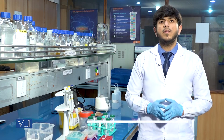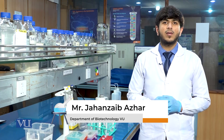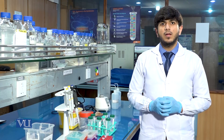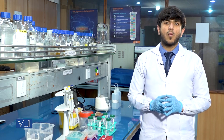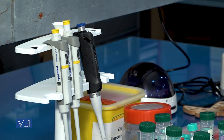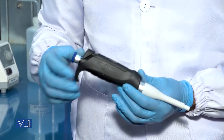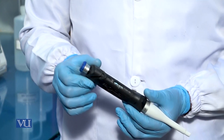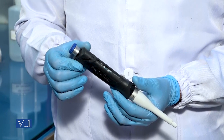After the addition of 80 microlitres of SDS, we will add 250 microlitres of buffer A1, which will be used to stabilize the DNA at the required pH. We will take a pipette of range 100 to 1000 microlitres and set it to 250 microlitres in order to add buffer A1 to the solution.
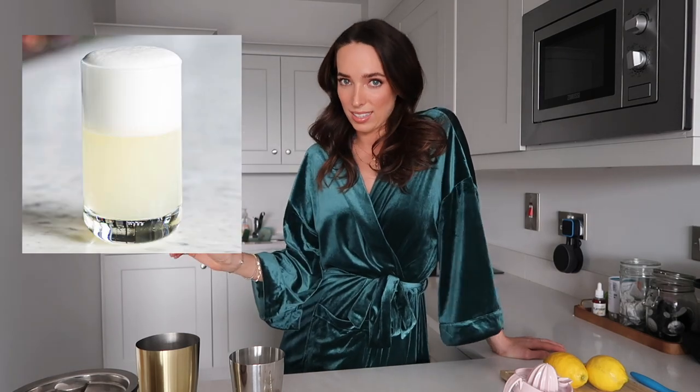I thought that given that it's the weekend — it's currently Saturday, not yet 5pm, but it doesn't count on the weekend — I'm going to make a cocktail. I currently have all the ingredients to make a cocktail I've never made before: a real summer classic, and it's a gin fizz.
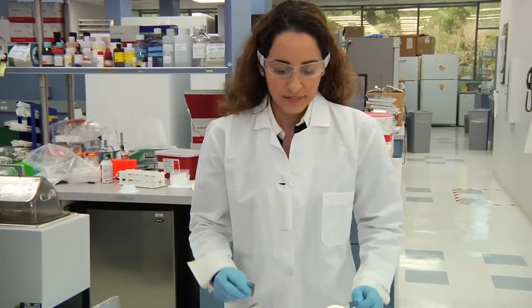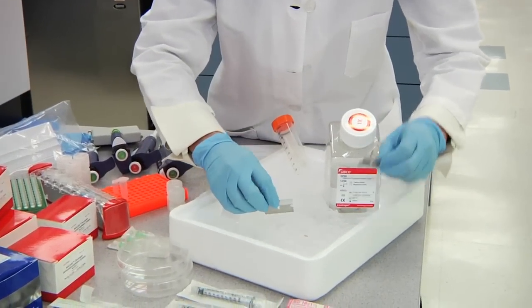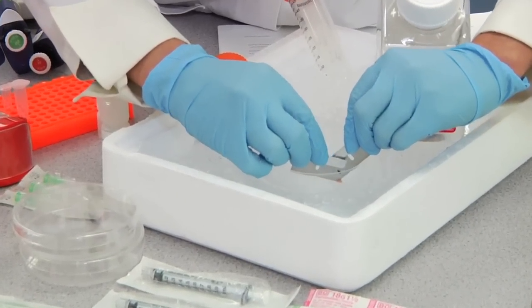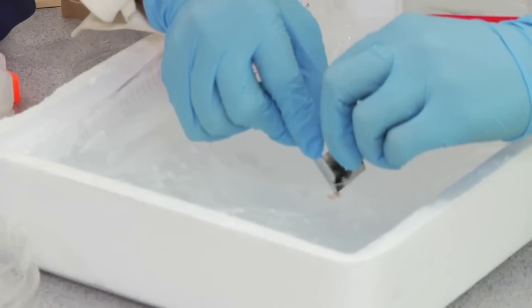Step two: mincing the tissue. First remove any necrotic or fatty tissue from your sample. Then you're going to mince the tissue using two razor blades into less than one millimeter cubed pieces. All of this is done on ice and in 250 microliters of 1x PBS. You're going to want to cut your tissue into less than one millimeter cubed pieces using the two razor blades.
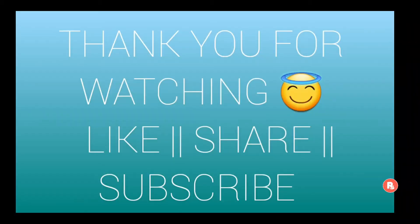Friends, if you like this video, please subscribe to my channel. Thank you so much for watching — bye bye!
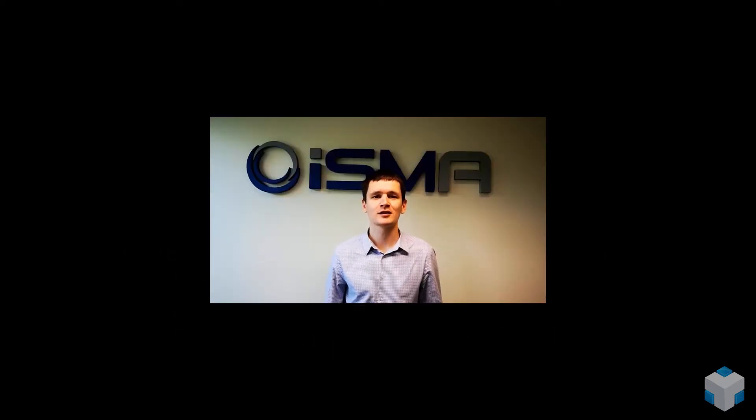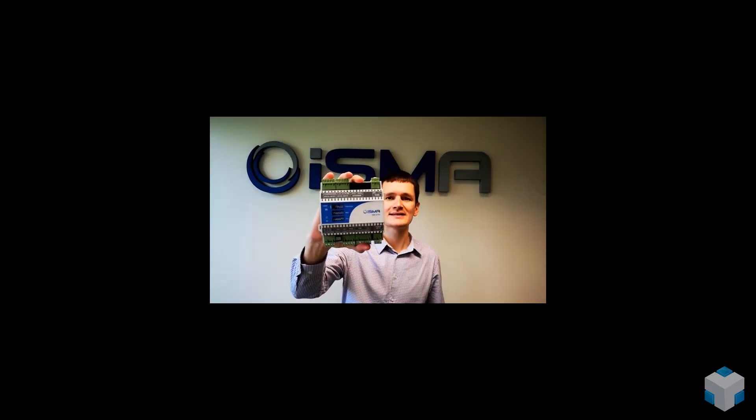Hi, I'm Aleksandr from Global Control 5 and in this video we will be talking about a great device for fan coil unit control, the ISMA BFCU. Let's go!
★ ★ ★ ★
How to complete this task: An exact transcript of the listing is needed, free of pictures.

Solved exercise:
After the addition of 80 microlitres of SDS, we will add 250 microlitres of buffer A1, which will be used to stabilize the DNA at the required pH. We will take a pipette of range 100 to 1000 microlitres and set it to 250 microlitres in order to add buffer A1 to the solution.
I thought that given that it's the weekend — it's currently Saturday, not yet 5pm, but it doesn't count on the weekend — I'm going to make a cocktail. I currently have all the ingredients to make a cocktail I've never made before: a real summer classic, and it's a gin fizz.
Step two: mincing the tissue. First remove any necrotic or fatty tissue from your sample. Then you're going to mince the tissue using two razor blades into less than one millimeter cubed pieces. All of this is done on ice and in 250 microliters of 1x PBS. You're going to want to cut your tissue into less than one millimeter cubed pieces using the two razor blades.
Friends, if you like this video, please subscribe to my channel. Thank you so much for watching — bye bye!
Hi, I'm Aleksandr from Global Control 5 and in this video we will be talking about a great device for fan coil unit control, the ISMA BFCU. Let's go!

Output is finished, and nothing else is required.